- _What the exercise asks_
For this exercise, return only the lines in the records below from the one holding "That's it for" through the one holding "Simply apply the", including both, exactly as they appear and without pictures.

- _Data records_

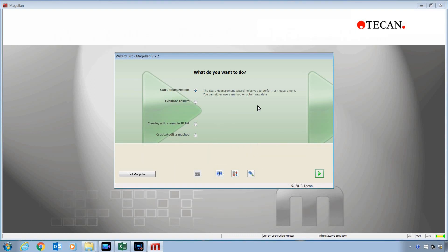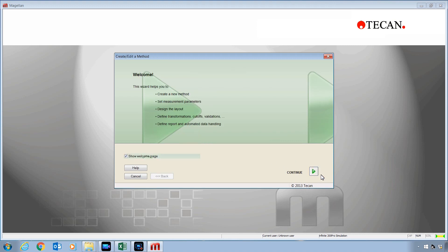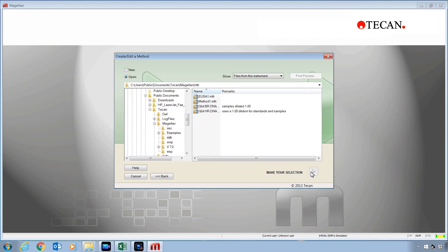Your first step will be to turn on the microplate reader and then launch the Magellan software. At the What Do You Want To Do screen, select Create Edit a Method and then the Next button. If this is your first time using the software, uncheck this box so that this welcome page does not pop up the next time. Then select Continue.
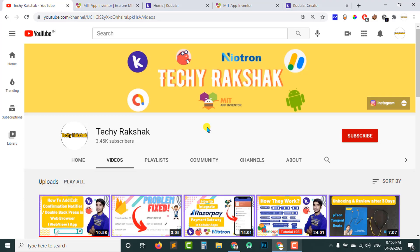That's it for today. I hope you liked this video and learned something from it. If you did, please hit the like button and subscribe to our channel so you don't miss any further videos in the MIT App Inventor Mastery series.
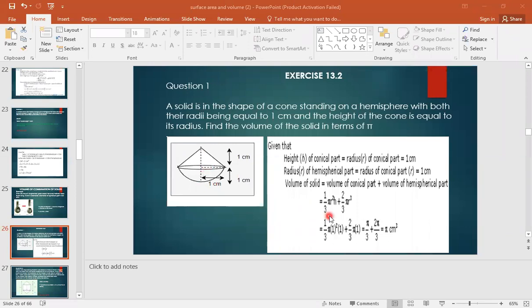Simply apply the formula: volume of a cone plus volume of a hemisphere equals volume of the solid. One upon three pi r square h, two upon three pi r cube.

...

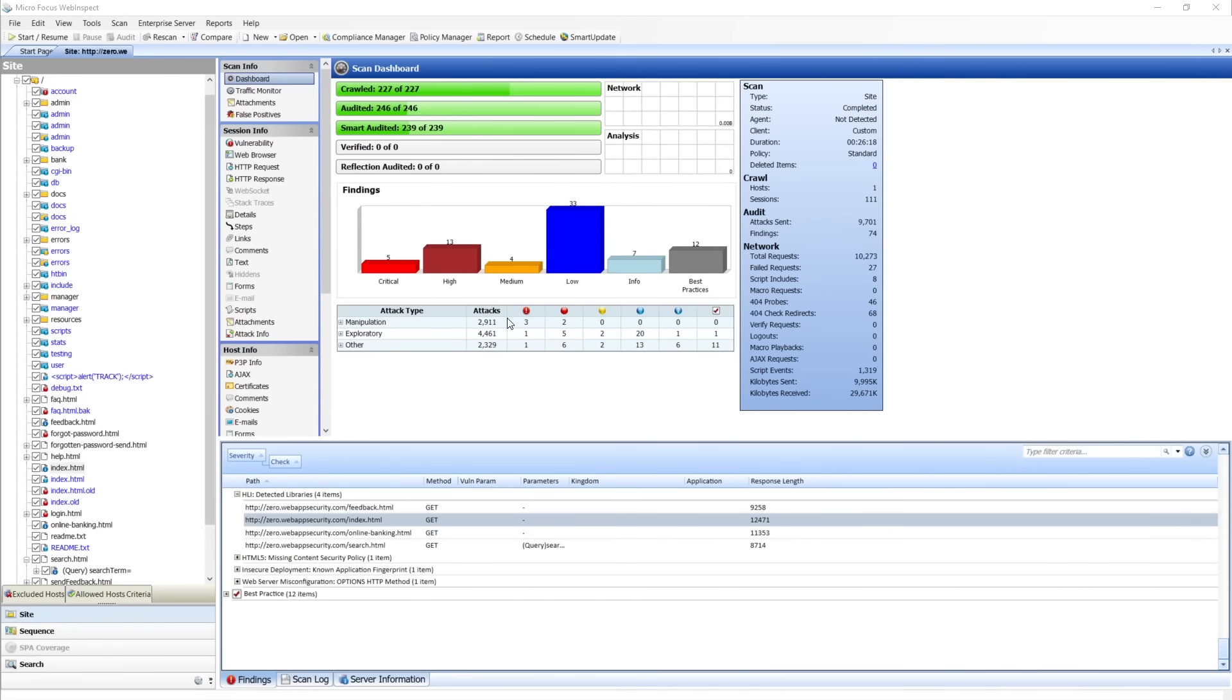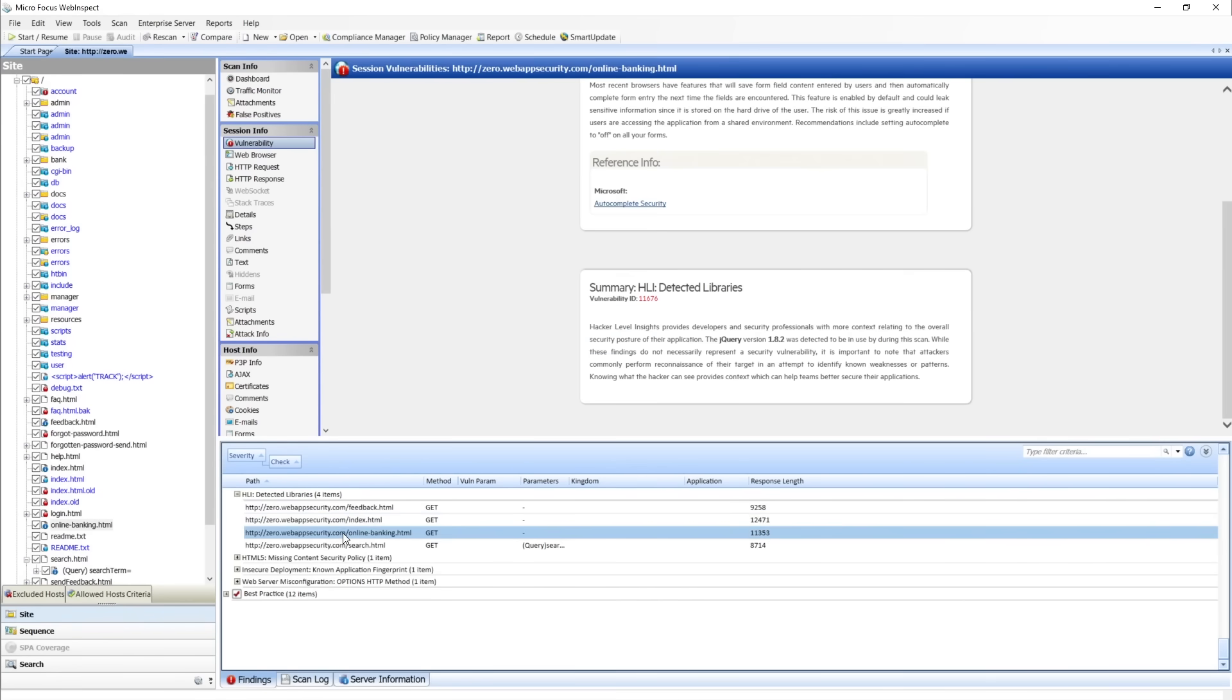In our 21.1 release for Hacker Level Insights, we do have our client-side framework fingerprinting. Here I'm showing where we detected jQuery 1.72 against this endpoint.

---

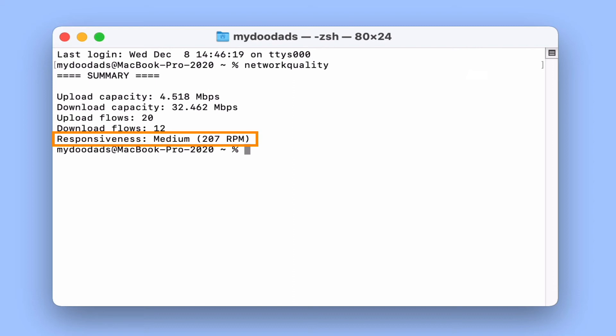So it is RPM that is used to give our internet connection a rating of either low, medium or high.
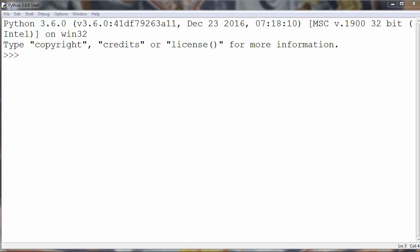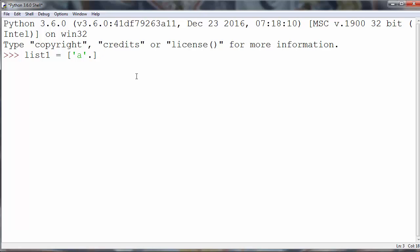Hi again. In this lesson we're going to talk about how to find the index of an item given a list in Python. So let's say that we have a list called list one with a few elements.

- _Task output_
That's it for today. I hope you liked this video and learned something from it. If you did, please hit the like button and subscribe to our channel so you don't miss any further videos in the MIT App Inventor Mastery series.
Simply apply the formula: volume of a cone plus volume of a hemisphere equals volume of the solid. One upon three pi r square h, two upon three pi r cube.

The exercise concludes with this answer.